--- EXCERPTED DATA Enclosed Below ---

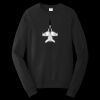 Fan Favorite Fleece Crewneck Sweatshirt Thumbnail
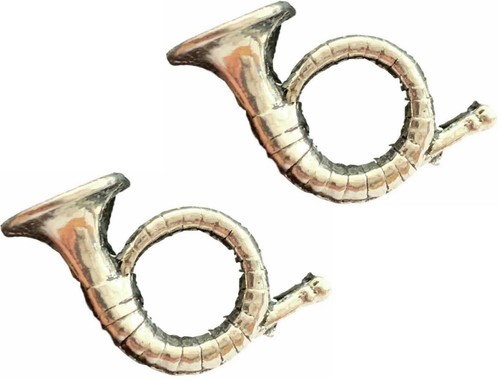 Hunting horns handcrafted - hunting,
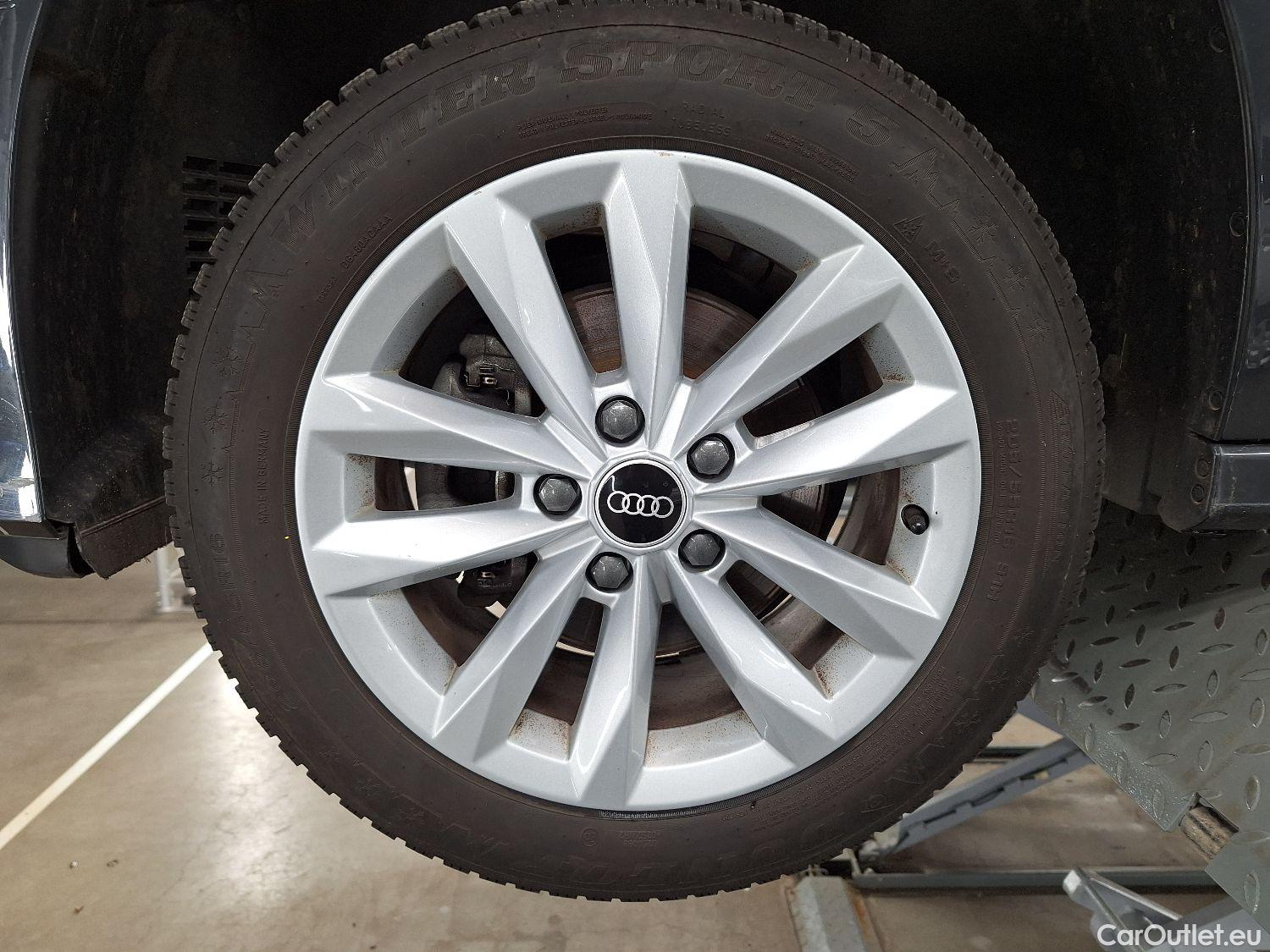  Audi  A3 Audi,  SB '20, Audi  Sportback 1.0 30 TFSi 81kW S tronic Busine #13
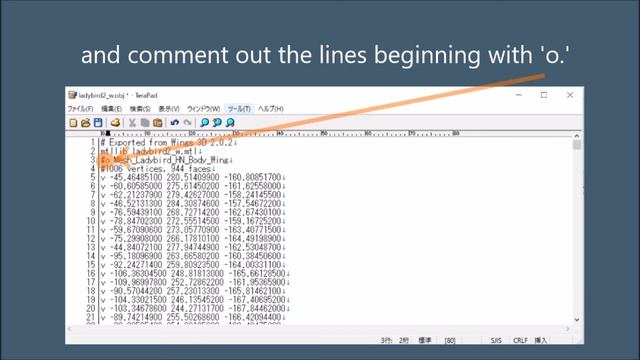 How to Put .obj Models into Java 3D without Converting Them to .wrl_2 (with Source Code) смотреть онлайн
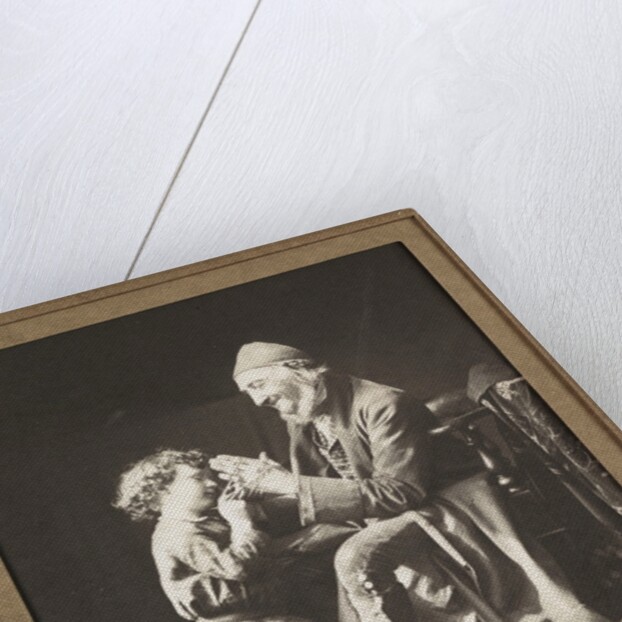 Play by Oscar Gustav Rejlander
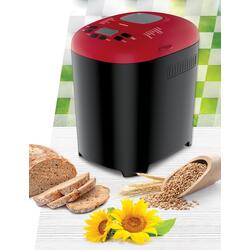 Хлебопечка Heinner PastryChef 550 HBM-915BKR (Black/Red) Thumb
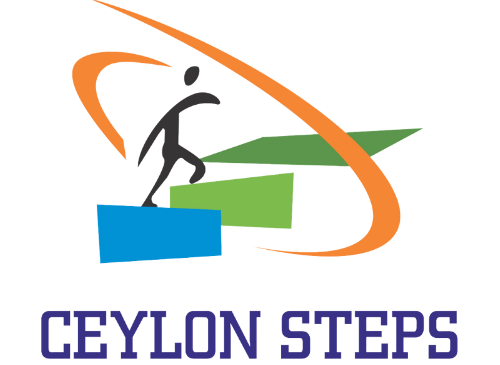 Ceylon Steps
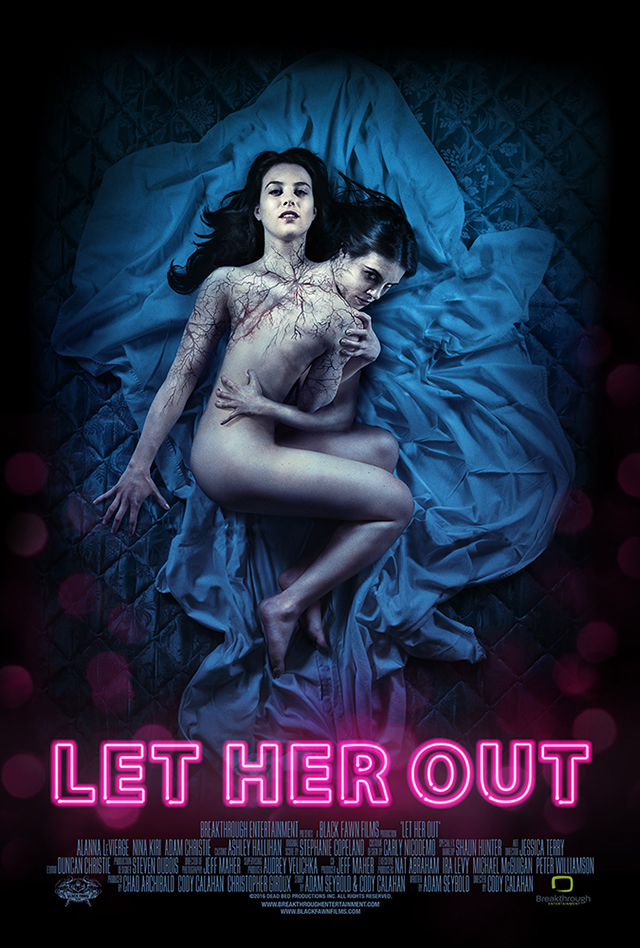 Let Her Out 2017 - Full (HD)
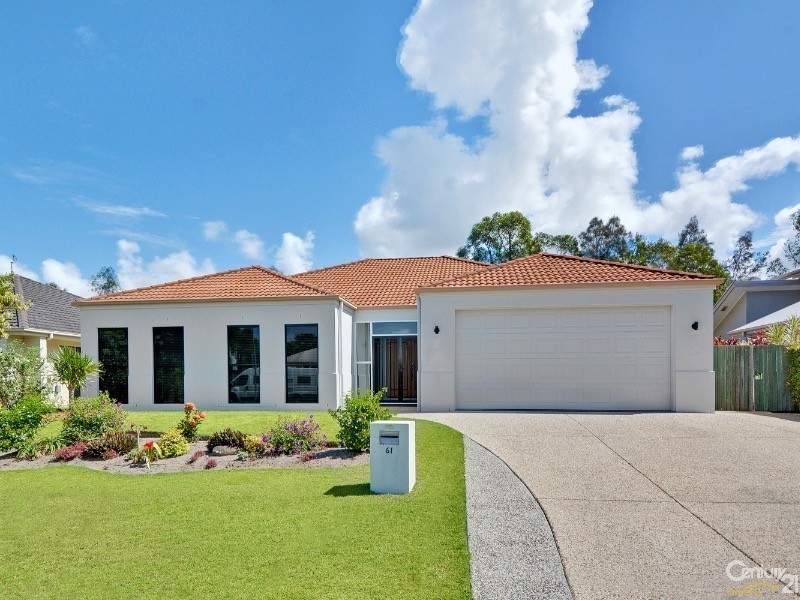 61 Stillwater Drive, Twin Waters QLD 4564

--- End of Enclosed EXCERPTED DATA ---

» DIRECTIONS FOR THIS TASK: Write out the lines beginning at the line with "Let Her Out 2017 - Full (HD)" and ending at the last line of the entries. Include no pictures.

» ANSWER FOR THE TASK:
 Let Her Out 2017 - Full (HD)
 61 Stillwater Drive, Twin Waters QLD 4564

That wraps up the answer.